Personal information
- Born: 6 March 1908 (age 118) Rumelange, Luxembourg
- Died: 3 September 1942 (aged 34) Hinzert concentration camp, Nazi Germany

Sport
- Sport: Boxing

= Ernest Toussaint =

Luxembourgish boxer (1908–1942)

Ernest Toussaint (6 March 1908 – 3 September 1942) was a Luxembourgish boxer who competed in the 1936 Summer Olympics.

== Life ==
Toussaint was born in Rumelange. He represented Luxembourg at the 1936 Olympics in Berlin. He defeated Karl Lutz of Austria in the second round before being eliminated in the quarterfinals of the heavyweight class by eventual bronze medalist Erling Nilsen of Norway.

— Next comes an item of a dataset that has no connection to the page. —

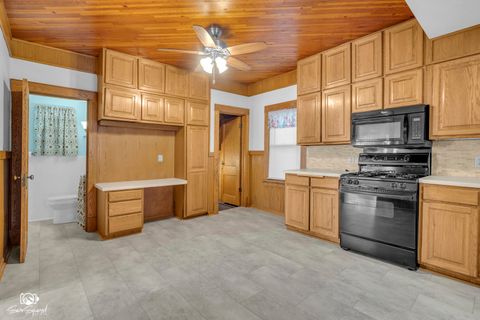 Tiny photo for 878 S Wildwood Avenue, Kankakee, IL 60901 (MLS # 12606945)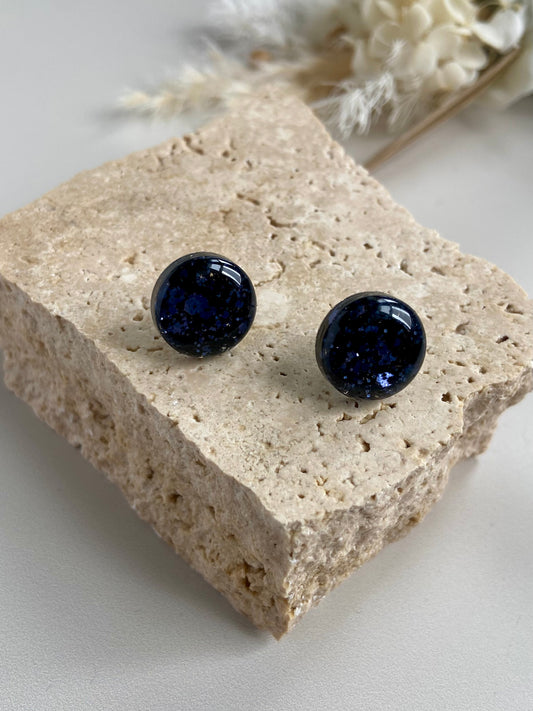 RAVEN STUDS- small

Toussaint was shot in the Hinzert concentration camp, Nazi Germany after being arrested as one of the communist leaders in Differdange during the general strike against the Nazi occupation in Luxembourg on 31 August 1942. The country had been protesting against the introduction of compulsory military service for young Luxembourgers into the Wehrmacht. Toussaint's widow and his two sons were deported to the work camp of Leubus in Silesia.

In 1960 Toussaint was posthumously awarded the Cross of the Order of the Resistance.